No entanto, especialistas e delegadas aposentadas argumentam que a simples criação de unidades especializadas para atender mulheres após o ocorrido não é suficiente. Segundo elas, é crucial abordar a causa raiz do problema, que está na educação e formação moral de cada homem. Elas enfatizam a importância de instruir os homens desde a infância sobre o respeito e a proibição de forçar qualquer pessoa, especialmente mulheres, a qualquer coisa. Se essa instrução não foi proporcionada pelos pais, além da punição legal, os especialistas acreditam que é essencial realizar intervenções enquanto o agressor estiver recluso, visando evitar a reincidência.

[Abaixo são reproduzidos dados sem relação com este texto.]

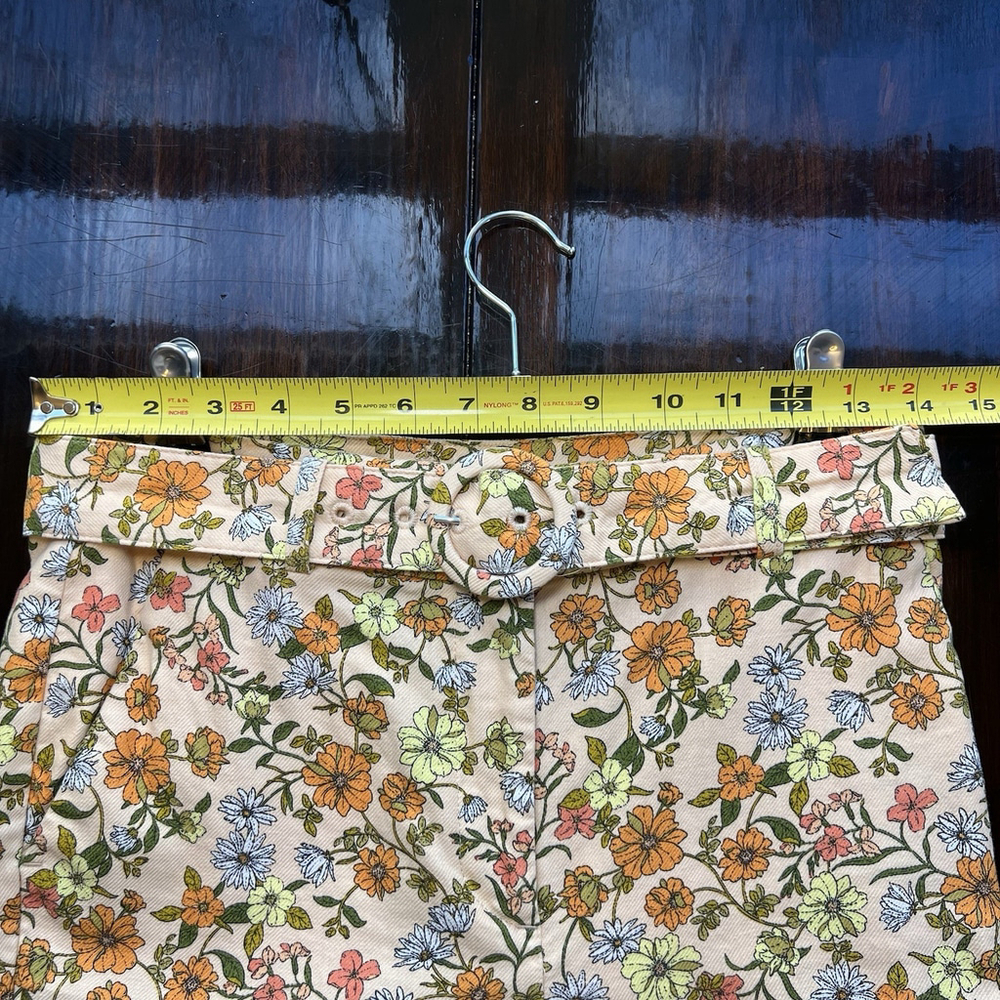 Loft Petite Sutton Kick Crop Pants Beige Orange Yellow Floral Woman’s 2P Belt - Picture 13 of 16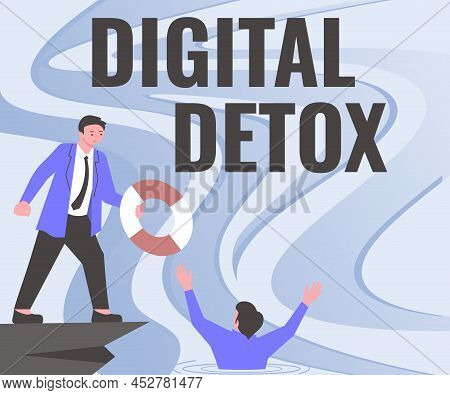 Conceptual Display Digital Detox. Concept Meaning Free Of Electronic Devices Disconnect To Reconnect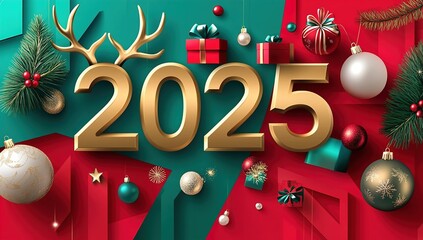 Happy new year 2025 with luxury golden thin numerals on white background.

De acordo com Thais Cremasco, não existem formas de defesa contra o estupro, pois esse crime violento transforma a vítima em refém da situação. Em outras palavras, a mulher não precisa realizar nenhuma ação específica; basta que um homem mal intencionado a perceba. A militante argumenta que não há hora, lugar ou vestimenta adequada que previna o estupro. Para ela, trata-se de uma violência enraizada na sociedade, que subjuga e busca humilhar as mulheres. O estupro é caracterizado como um crime de ódio e violência direcionado contra as mulheres, conforme destacado por Cremasco. "Independente das dicas de segurança, cuidados que a polícia fala, a mulher é muito vulnerável a esse tipo de violência. Vejo que a vítima tem poucas coisas que ela possa fazer para evitar esse tipo de barbárie", enfatizou.
Pelo menos 70% dos casos de estupro são direcionados a mulheres e meninas, com uma significativa parcela envolvendo meninas com até 14 anos. As denúncias nessa faixa etária geralmente partem das mães ou da escola, após a vítima compartilhar seus relatos com colegas ou funcionários. Thais Cremasco observa que as mulheres estão relutantes e temerosas ao fazer esse tipo de denúncia, possivelmente devido ao receio da impunidade.
Quando um criminoso é acusado de estupro, um dos exames utilizados para comprovação do crime é a coleta do sêmen. Contudo, Thais Cremasco aponta a falibilidade desse método, argumentando que o agressor muitas vezes pode usar material genético diferente do seu na vítima, na tentativa de evitar incriminação.
Cerca de 68% dos casos de estupro ocorrem dentro do ambiente doméstico, onde se espera que seja um refúgio seguro. O aspecto mais lamentável é que 61,4% das vítimas vulneráveis têm entre zero e 13 anos, sendo os agressores frequentemente pessoas conhecidas.
O termo "vítimas vulneráveis" abrange não apenas crianças, mas também indivíduos com alguma condição de saúde mental, mesmo que maiores de idade, quando não possuem discernimento. Outras situações incluem casos em que a vítima está embriagada ou sob efeito de drogas, tornandose incapaz de oferecer resistência.
A delegada da 1ª DDM de Campinas, Ana Carolina Bacchi, destaca a importância de os pais e a sociedade prestarem atenção aos sinais emocionais de filhas e filhos, incentivando a denúncia diante de mudanças comportamentais detectadas, muitas vezes, pela escola. "Sempre orientamos aos pais que prestem atenção no sentimento da filha ou filho. A escola nos ajuda muito, pois muitas vezes os professores percebem mudança de comportamento na vítima e avisam. É muito importante que todos os órgãos, os pais, família, a sociedade como um todo denuncie. A família precisa ser acompanhada pelo Conselho Tutelar para proteger o mais vulnerável", disse a delegada.